[antlr-interest] BitSet and big charVocabulary in C++

Fri Feb 16 06:32:45 PST 2007

Hi,

On 2/16/07, Vitaliy Akimov <vitaliy.akimov at gmail.com> wrote:
> Hi, I'm implementing unicode lexer using antlr v.2.7 (for C++). And
> I've found annoyance with patterns which translated to BitSet. Using
> big vocabulary lead to spending sensible amount of time for BitSet
> construction.

By reusing Lexer/Parser objects and just refreshing the inputbuffer
you can make sure this initialization is only done once for a set of
files.

> Extending codeGenBitsetTestThreshold gets large
> condition line in "if" statement (millions of symbols). Why doesn't
> antlr generate conditions with not operator (!) in simple expressions
> such as "(~ ('a'| 'z'))" ?

I think Terence could shed more light on that. This is not decided in
the C++ codegen, although the BitSet class could be made smarter.

> And why does antlr copy generated bitset
> from array of longs to vector<bool> which is very time consuming?

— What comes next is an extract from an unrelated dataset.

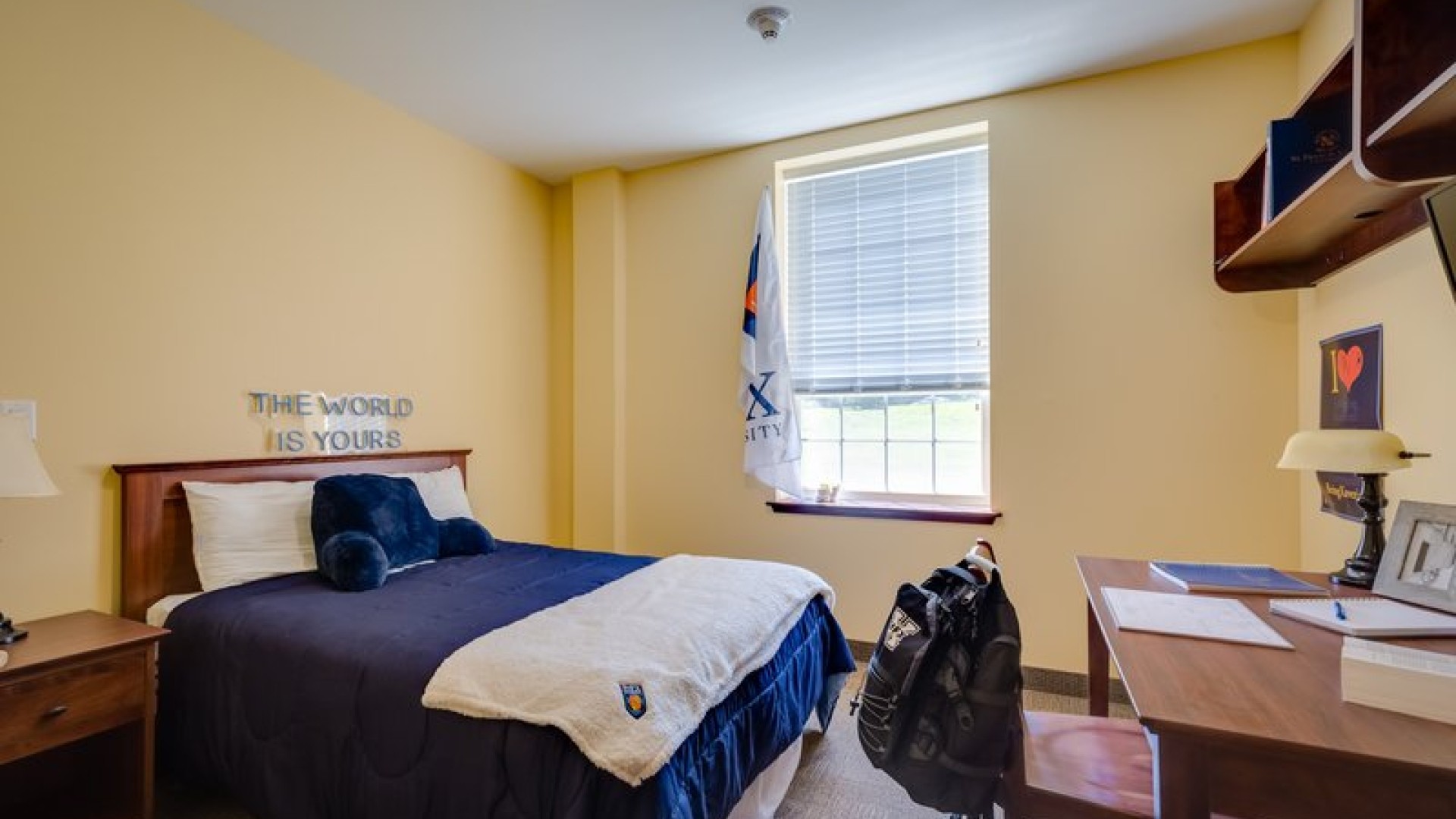 An O'Regan/Riley Single suite showing a double bed, desk, and storage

Legacy, a lot of C++ classes are direct ports of existing java classes
and not the most optimal solution to the problem. Since most
parsers/lexers do not contain very large bitsets this problem has not
become very apparent (yet). Unicode is more or less experimental in
C++ mode.

> I think it's more reasonable use reference to this packed array and
> unpack bits in match function.

I agree. If you would create a patch for the bitset class to fix this
I'll be happy to include it in the next release.

Cheers,

Ric